In the middle of all this madness, it was a relief to be greeted with the news that one tenth of everyone who was born between 1981 and 1996 would willingly cut a finger off rather than forego their smartphones indefinitely. Yes, one in ten were prepared to give the finger to their smartphones, so to speak, although I can’t help feeling they may be taking all the talk of “digital transformation” a little too literally. More worrying is that no one seems to have given much thought to what would be done with all those fingers. Still, I’m sure someone has a plan to hand.
I must confess it was cheering to find, despite all the concerns expressed over the effects of smartphones on people’s physical well-being, millennials emphasising the health benefits of their iPhone/Android phone use with nearly 40% revealing their readiness to give up alcohol to retain their devices. Maybe that could form the basis of a new public health campaign: “Give up drinking or we’ll take away your smartphone.”

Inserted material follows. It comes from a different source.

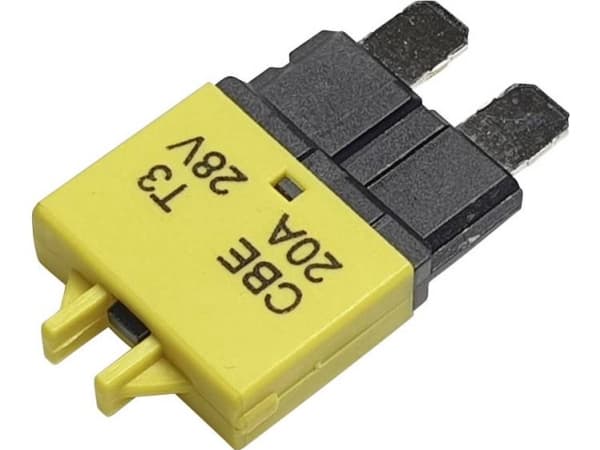 Hansor Circuit Breaker Standard, type 3, Manual Reset, 20A CBE3 Series 20A Sikringsautomat Standard Fladsikring 20 A Gul 1 stk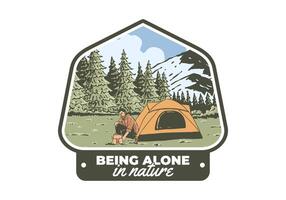 camping ensam i natur. årgång utomhus- illustration bricka design vektor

However, it was disappointing that almost a quarter were prepared to lose one of their five senses – touch, smell, hearing, sight and taste – rather than give up their smartphones. This suggests to me that many millennials are already missing their sixth sense: common. Other findings were that 16% would give up travel and 15% would stop having sex to keep their smartphones. I can’t quite think of it right now, but I’m sure there’s a phrase to be made around a smartphone in the hand being worth more than something else in the bush and it could be quite apposite here. IT also suggests that, when it comes to millennials, we may have to revisit the old adage about “travel broadening the mind”.
Mrs Elli Denison, Ph.D, director of research at The Center for Generational Kinetics – “the leader in generational research and solutions, especially with Millennials and Gen Z” – told Tappable that the “younger generations are completely immersed in technology, particularly mobile devices and feel extreme dependency. There is no sign of this slowing down as younger generations are immersed in technology from birth”.
There’s no arguing that younger generations are very attached to their mobile devices, but it’s also true they can be separated from them for short(ish) periods of time. My gut feeling is that making the choice so stark – as this survey does – runs the danger of eliciting hyperbolic responses and I can’t help wondering, when it comes down to it, just how many millennials would be prepared to lose a finger. Or to give up a sense. I have a feeling that if I asked any French millennials if they were prepared to give up a sense, most of them would reply: “Non”.